Démocratie et citoyenneté
L'appel du 22 mars(23 )du Comité central de la Garde nationale énonce que « les membres de l'assemblée municipale, sans cesse contrôlés, surveillés, discutés par l'opinion, sont révocables, comptables et responsables » et que leur mandat est impératif. Il s'agit d'une démocratie directe reposant sur une citoyenneté active, renouant avec l'esprit de la constitution de 1793 qui fait du droit à l'insurrection « le plus sacré des droits et le plus imprescriptible des devoirs » (article XXXV de la Déclaration des droits de l'Homme de 1793).
La Commune de Paris ouvre la citoyenneté aux étrangers : « Considérant que le drapeau de la commune est celui de la République universelle ; considérant que toute cité a le droit de donner le titre de citoyen aux étrangers qui la servent… »(24.)


Travail et démocratie sociale
Le Conseil de la Commune, issu d'un mouvement populaire, se préoccupe d'améliorer la condition des prolétaires. La Commune entend réaliser l'aspiration du mouvement ouvrier français du XIXe siècle : « l'émancipation des travailleurs par les travailleurs eux-mêmes » (mot d'ordre de l'Association internationale des travailleurs dès 1864).
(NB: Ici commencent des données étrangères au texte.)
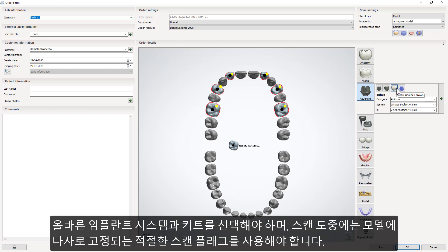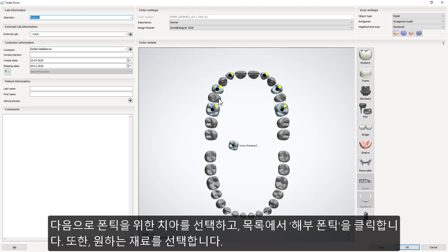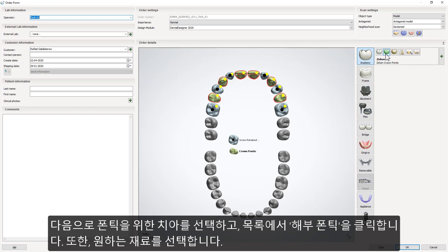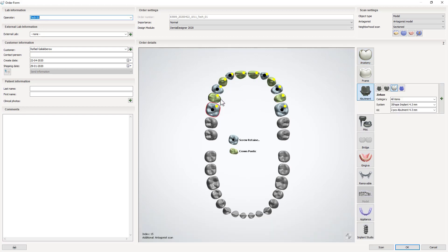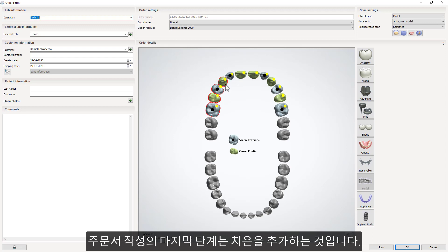While scanning, always use a corresponding scan flag, which must be screwed in to the model. Then choose the teeth for pontics and choose Anatomy Pontic from the indications list. Also remember to select the material of your choice. The last step of the order creation is to add gingiva.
Le 16 avril, un décret réquisitionne les ateliers abandonnés par leurs propriétaires (assimilés à des déserteurs) ; il prévoit de les remettre à des coopératives ouvrières après indemnisation du propriétaire. Deux ateliers fonctionnent ainsi pour la fabrication d'armes ; la journée de travail y est de 10 heures et l'encadrement est élu par les salariés. Le 20 avril, les bureaux de placement de la main d'œuvre, entreprises privées très florissantes sous l'Empire, monopoles agissant bien souvent comme des « négriers », sont supprimés et remplacés par des bureaux municipaux. Le même jour, le travail de nuit dans les boulangeries est interdit, mais il faut lutter contre le travail clandestin par des saisies de marchandises et l'affichage de la sanction dans les boutiques. Pour contrer une pratique très répandue, la Commune interdit les amendes et retenues sur salaires, dans les administrations publiques comme dans les entreprises privées (28 avril). Pour lutter contre le sous-salariat dans les appels d'offres concernant les marchés publics, un cahier des charges avec indication du salaire minimum est créé.
La Commune annonce les prémices de l'autogestion[réf. nécessaire]. Dans les entreprises, un conseil de direction est élu tous les 15 jours par l'atelier et un ouvrier est chargé de transmettre les réclamations.